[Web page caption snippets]
_ _ _
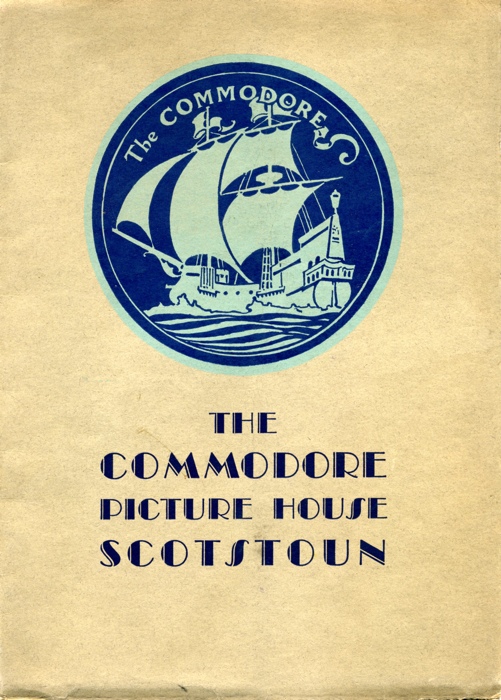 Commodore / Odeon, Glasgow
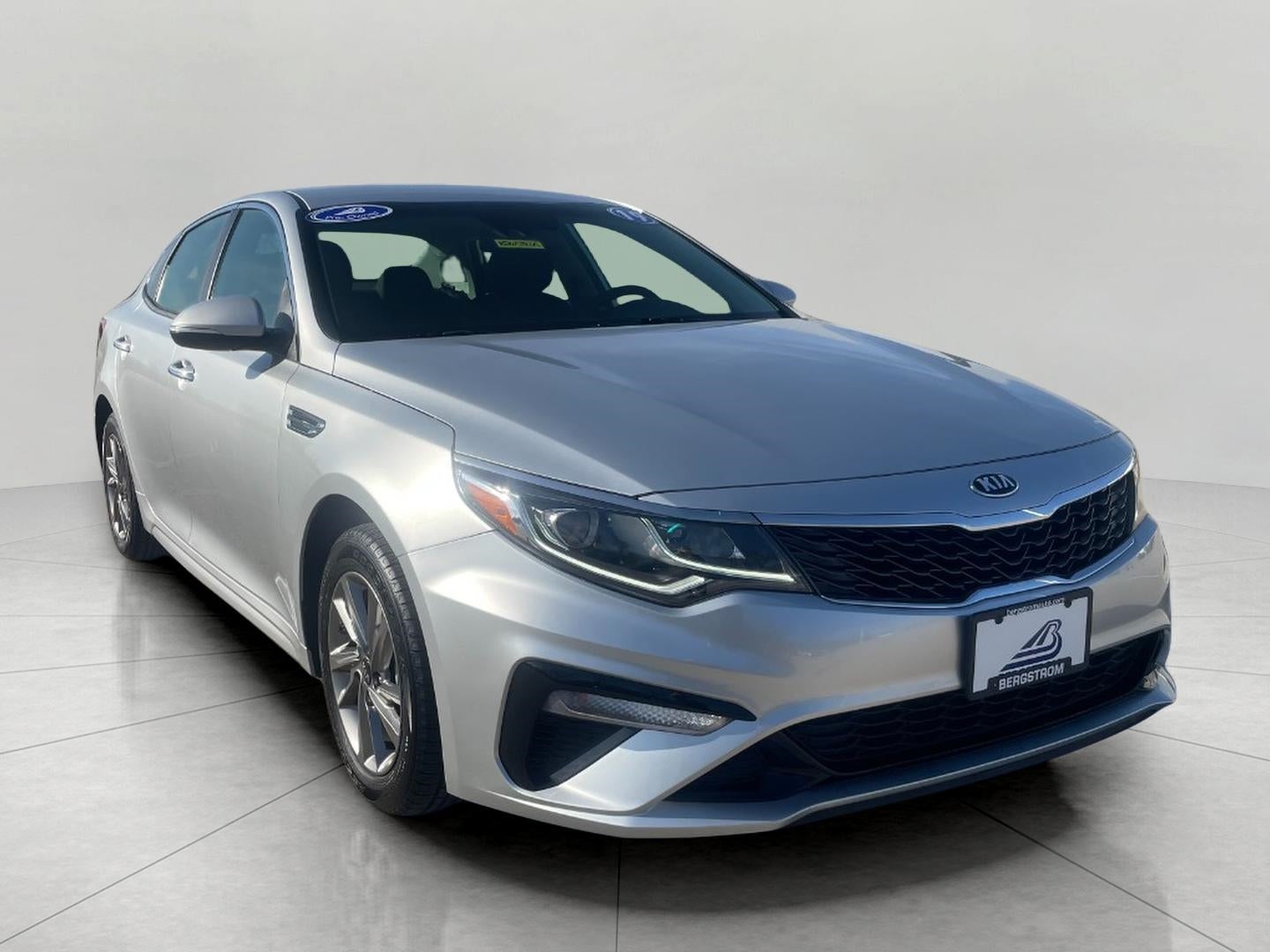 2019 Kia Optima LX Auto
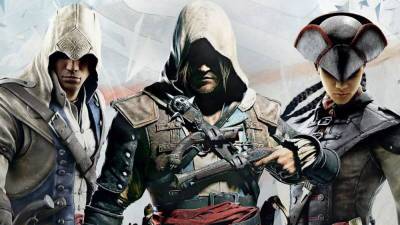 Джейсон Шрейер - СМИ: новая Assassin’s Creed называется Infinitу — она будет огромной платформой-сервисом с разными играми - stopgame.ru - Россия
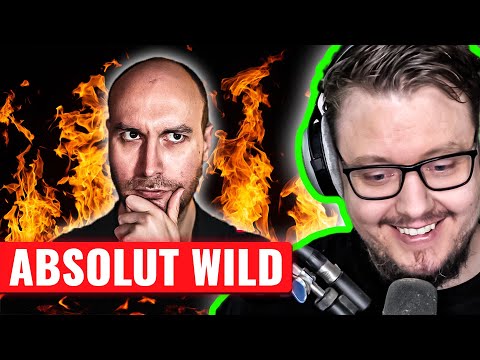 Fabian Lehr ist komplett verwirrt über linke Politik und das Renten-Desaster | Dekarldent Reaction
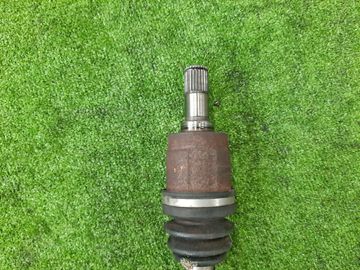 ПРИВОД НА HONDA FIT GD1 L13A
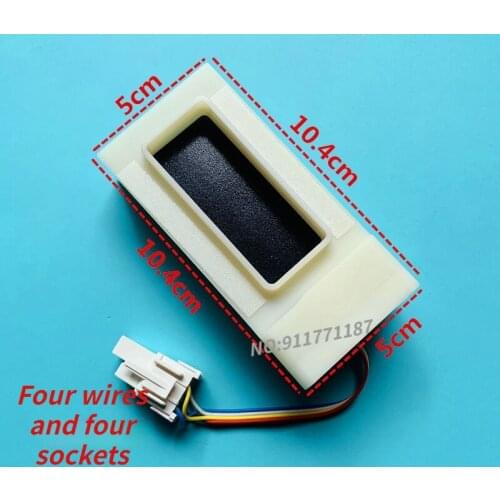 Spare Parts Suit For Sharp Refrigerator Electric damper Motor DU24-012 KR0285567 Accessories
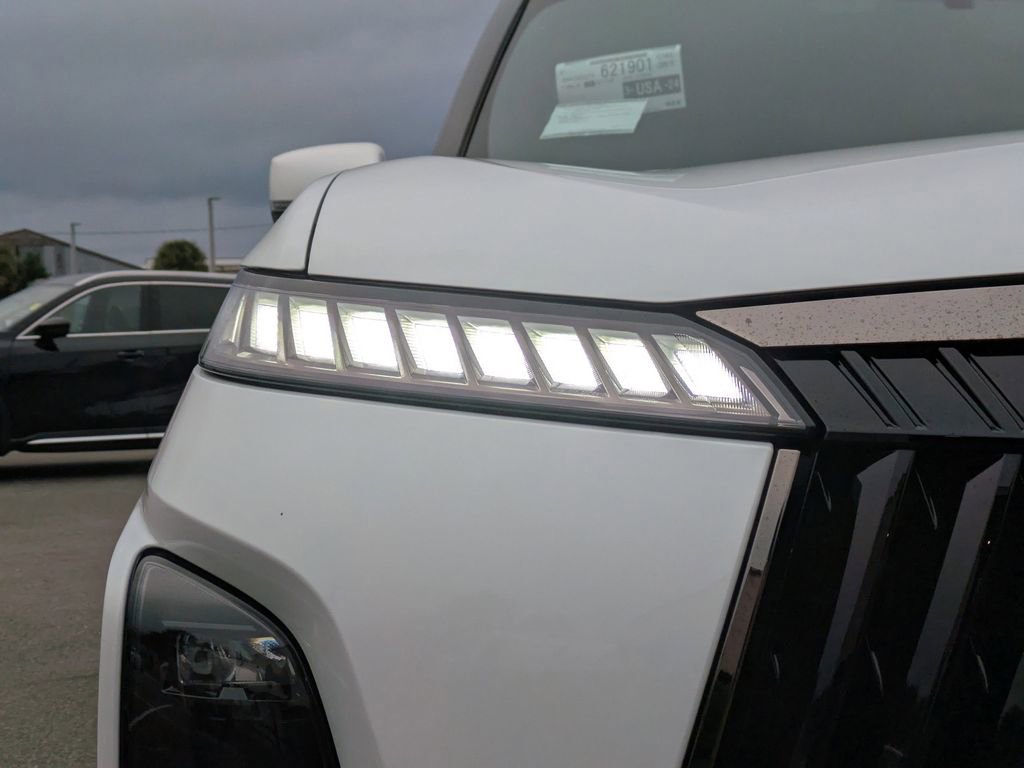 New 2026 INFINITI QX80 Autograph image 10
_ _ _
WORK ITEM
Restate word for word the lines running from the one with "Fabian Lehr ist" to the end of the entries; pictures are to be left out.

SOLUTION BELOW
 Fabian Lehr ist komplett verwirrt über linke Politik und das Renten-Desaster | Dekarldent Reaction
 ПРИВОД НА HONDA FIT GD1 L13A
 Spare Parts Suit For Sharp Refrigerator Electric damper Motor DU24-012 KR0285567 Accessories
 New 2026 INFINITI QX80 Autograph image 10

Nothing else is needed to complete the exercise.